道具在戏剧的演出中具有举足轻重的作用,它提示我们戏剧故事演出的具体地点,展现民族日常生活的场景,如果改译本沿用西方的道具,那么观众对于故事发生的地点缺乏亲切感,故事本身也就与他们的生活有了一定心理距离;如果展现的是他们熟悉的景象和细节,那他们更容易对这个故事产生认同感。《相鼠有皮》原作本中每一幕都有舞台布景图示,顾仲彝改译本保留了这些图,但并不简单地照搬原剧,而是根据中国的具体情况对舞台上的陈设和道具做了有独创意义的修改。
以第二幕第一场布景为例,原剧本故事发生地点是乡村饭店的弹子房,去掉了台球桌之后布置成拍卖场所,所以剧本提示中特别说明,舞台显得不是很宽敞。改译本中故事发生地点是关帝庙正殿。和原剧本相比,改译本剧本提示看来似乎过于简单,但这个舞台设计构思很精彩,包括它的提示。“关帝庙正殿,与平常的关帝庙相同;惟拜垫前有长桌一,桌后布置两椅。两旁大长凳各一。左(近台前)门一;后,神座背,通道一。
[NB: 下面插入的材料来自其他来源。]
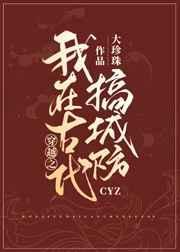 穿越之我在古代搞城防免费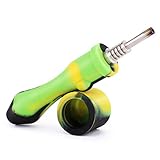 Pilot Diary Silicone Honey Straw 4.5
”剧本主要不是写来给人读的,而是写来给演员表演的,这个舞台设计就是充分考虑在中国的搬演,所以符合顾仲彝自己对于改译剧本的两个要求:“把它‘中国化”’和“合剧本演员观众三者而成”。舞台的中国化是为了演员演出和观众理解,所以两个要求又是同一个问题,一枚钱币的两面。
改译本中道具作为细节的改动经常让人几乎不易察觉,想一想却又会感叹改译者用心之深。如《少奶奶的扇子》中,原剧中没有规定那把著名的扇子是什么样的,根据现存的1892年首演的剧照来看,饰演温德米尔夫人的女演员李丽·汉伯瑞手里握着的是一把类似于中国的诸葛亮拿着的那种动物的羽毛扇,而且是白色的。但是到了洪深译本中他却特地把这把扇子设计成了“翡翠柄的扇子”。翡翠是传统中国女性最喜欢的首饰,它被认为是最中国化的宝石。
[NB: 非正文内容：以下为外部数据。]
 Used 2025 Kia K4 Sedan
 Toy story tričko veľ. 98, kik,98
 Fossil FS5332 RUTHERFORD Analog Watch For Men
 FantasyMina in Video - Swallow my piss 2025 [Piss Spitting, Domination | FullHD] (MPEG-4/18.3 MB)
《梅萝香》原作中第二幕场景里,有一只咬了一口的苹果。改译本改成剥了一半的橘子。原因是那个季节上海常见又最便宜的水果应该是橘子。另外还删去了两样让中国观众不容易理解的道具,就是土耳其如愿骨和日本茶壶。在原作中前者可能对美国观众来说意味着异域情调,但可能让中国观众莫名其妙。另外在美国演剧,可能需要对茶壶的外形有特别说明,在中国就没有必要了。此外,也是在这一幕里,桂妈向梅萝香表功,在原作中是安妮给劳拉偷借了刀叉被发现,到了改译本中变成了桂妈私自加了一个菜给梅萝香,我认为改译本更合理。还有一个细节也值得称道。原本中劳拉和吉姆说话时,给吉姆倒了一杯牛奶,吉姆边喝边和她聊天;改译本改成了梅萝香拿出破了的衣服修补,同时和秦叫天说话。这更符合女主人公的处境和心境。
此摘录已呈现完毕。